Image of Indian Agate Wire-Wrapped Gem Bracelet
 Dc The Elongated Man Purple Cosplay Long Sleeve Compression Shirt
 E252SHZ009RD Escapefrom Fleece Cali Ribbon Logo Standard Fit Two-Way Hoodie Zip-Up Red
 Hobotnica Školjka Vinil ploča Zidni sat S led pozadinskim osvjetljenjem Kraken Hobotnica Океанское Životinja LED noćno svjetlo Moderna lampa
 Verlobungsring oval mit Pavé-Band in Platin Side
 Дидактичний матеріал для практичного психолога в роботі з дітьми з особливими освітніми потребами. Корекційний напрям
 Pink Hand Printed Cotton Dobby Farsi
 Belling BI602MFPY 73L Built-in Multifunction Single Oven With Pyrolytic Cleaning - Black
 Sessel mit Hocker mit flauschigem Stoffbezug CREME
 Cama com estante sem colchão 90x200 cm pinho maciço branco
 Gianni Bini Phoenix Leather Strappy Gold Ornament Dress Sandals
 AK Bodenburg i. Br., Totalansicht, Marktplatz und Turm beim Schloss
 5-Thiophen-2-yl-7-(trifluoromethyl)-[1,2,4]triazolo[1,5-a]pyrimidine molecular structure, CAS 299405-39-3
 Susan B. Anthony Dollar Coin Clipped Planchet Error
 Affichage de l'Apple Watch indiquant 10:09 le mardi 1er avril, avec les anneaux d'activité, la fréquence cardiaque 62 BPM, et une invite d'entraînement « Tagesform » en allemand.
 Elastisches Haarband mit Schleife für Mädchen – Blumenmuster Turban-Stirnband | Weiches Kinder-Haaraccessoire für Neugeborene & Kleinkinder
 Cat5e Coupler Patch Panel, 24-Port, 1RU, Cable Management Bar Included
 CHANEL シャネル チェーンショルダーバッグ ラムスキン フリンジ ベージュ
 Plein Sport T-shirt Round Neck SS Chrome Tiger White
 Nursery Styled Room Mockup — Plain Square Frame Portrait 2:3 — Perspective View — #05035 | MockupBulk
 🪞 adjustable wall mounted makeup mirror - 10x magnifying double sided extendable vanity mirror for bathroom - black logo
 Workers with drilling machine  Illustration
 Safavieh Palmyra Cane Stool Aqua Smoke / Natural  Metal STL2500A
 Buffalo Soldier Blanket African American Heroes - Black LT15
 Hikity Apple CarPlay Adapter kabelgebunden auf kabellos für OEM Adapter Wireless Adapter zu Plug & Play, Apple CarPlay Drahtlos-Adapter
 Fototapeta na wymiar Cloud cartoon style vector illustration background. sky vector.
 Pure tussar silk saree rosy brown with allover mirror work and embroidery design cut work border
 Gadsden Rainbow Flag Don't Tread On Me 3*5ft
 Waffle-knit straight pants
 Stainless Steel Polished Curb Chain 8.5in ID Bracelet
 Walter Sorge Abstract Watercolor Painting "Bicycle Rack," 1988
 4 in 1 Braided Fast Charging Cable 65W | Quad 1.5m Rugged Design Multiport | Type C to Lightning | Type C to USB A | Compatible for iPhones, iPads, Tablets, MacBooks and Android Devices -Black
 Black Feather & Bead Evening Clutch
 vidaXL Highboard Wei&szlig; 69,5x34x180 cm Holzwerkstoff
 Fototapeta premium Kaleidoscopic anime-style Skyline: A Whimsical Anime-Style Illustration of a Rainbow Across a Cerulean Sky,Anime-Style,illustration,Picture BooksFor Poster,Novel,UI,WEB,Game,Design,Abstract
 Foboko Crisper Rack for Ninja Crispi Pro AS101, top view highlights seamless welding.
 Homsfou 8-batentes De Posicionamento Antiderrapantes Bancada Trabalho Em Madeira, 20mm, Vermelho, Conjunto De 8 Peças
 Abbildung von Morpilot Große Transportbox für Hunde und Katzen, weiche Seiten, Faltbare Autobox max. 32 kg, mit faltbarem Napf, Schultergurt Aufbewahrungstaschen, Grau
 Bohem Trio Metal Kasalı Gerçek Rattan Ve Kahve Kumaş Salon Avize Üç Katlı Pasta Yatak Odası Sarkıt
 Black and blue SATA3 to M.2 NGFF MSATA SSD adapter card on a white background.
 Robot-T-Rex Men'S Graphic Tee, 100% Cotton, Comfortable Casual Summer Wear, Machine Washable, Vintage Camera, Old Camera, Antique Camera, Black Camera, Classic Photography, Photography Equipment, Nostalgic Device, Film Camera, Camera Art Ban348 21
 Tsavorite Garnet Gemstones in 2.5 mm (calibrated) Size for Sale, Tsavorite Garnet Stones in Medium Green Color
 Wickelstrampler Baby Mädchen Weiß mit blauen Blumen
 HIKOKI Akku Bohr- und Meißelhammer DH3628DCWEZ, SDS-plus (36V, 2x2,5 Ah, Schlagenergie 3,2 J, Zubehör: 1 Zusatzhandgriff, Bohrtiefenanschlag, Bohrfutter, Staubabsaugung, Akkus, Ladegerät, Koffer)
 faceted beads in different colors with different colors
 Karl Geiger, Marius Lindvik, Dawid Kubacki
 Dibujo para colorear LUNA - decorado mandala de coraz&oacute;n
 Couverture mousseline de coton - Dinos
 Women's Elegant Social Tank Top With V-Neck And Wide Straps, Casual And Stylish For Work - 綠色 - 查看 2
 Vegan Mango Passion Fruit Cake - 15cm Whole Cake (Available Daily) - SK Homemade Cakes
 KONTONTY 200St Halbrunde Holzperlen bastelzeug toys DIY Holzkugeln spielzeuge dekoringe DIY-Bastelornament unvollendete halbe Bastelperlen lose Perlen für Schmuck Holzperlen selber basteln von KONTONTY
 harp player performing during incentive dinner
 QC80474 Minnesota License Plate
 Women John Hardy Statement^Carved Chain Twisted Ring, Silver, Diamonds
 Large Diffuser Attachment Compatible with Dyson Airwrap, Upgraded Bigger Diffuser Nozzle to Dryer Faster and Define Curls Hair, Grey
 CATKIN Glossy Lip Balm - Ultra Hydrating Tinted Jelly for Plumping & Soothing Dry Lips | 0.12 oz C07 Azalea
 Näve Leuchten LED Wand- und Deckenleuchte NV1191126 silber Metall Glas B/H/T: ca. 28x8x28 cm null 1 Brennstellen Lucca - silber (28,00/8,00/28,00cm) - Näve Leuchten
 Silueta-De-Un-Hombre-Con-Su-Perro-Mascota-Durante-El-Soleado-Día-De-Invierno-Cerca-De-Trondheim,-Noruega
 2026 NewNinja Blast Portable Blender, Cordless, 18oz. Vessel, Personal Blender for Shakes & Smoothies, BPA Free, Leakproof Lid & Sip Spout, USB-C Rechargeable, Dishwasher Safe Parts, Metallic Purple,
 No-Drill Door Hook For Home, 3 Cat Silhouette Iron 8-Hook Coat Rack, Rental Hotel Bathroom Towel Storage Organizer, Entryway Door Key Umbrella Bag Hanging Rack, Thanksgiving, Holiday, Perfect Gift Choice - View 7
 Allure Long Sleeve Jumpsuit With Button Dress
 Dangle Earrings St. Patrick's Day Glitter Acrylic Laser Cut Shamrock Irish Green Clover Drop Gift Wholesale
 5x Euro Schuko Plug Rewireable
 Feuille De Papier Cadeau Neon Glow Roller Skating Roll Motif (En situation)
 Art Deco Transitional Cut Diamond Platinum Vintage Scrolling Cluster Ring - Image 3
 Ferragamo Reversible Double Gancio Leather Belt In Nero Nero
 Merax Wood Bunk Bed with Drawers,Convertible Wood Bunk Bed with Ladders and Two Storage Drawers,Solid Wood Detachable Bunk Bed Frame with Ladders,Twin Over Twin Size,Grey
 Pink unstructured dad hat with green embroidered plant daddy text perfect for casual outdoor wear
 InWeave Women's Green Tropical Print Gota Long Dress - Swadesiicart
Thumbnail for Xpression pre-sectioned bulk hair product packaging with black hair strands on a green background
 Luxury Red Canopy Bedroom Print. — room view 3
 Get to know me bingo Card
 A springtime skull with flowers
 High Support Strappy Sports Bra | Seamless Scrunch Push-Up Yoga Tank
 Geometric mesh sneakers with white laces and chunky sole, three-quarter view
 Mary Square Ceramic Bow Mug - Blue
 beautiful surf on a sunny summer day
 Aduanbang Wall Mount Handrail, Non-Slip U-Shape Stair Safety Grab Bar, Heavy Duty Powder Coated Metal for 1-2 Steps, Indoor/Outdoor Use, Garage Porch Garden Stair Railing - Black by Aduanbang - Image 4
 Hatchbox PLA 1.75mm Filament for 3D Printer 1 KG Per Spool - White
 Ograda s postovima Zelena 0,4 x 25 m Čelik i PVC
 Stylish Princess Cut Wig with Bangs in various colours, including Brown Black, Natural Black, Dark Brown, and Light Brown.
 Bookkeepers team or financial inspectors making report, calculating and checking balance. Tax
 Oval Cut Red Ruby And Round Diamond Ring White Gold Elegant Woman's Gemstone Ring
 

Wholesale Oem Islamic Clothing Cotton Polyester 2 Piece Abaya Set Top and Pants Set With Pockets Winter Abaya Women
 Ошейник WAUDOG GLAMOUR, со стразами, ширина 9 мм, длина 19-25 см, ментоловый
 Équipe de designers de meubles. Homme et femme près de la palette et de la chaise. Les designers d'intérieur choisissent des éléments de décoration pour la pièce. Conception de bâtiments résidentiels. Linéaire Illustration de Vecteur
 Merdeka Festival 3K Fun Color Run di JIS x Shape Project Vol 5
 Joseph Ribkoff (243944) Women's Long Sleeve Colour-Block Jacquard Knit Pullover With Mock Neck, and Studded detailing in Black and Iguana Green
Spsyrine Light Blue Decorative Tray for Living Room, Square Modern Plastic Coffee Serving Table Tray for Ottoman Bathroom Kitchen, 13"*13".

***

== PROBLEM TO SOLVE ==
What is needed is an exact copy of the lines above, from the one containing "Safavieh Palmyra Cane" through the one containing "Fototapeta na wymiar", with nothing added.

== EXERCISE RESULT ==
 Safavieh Palmyra Cane Stool Aqua Smoke / Natural  Metal STL2500A
 Buffalo Soldier Blanket African American Heroes - Black LT15
 Hikity Apple CarPlay Adapter kabelgebunden auf kabellos für OEM Adapter Wireless Adapter zu Plug & Play, Apple CarPlay Drahtlos-Adapter
 Fototapeta na wymiar Cloud cartoon style vector illustration background. sky vector.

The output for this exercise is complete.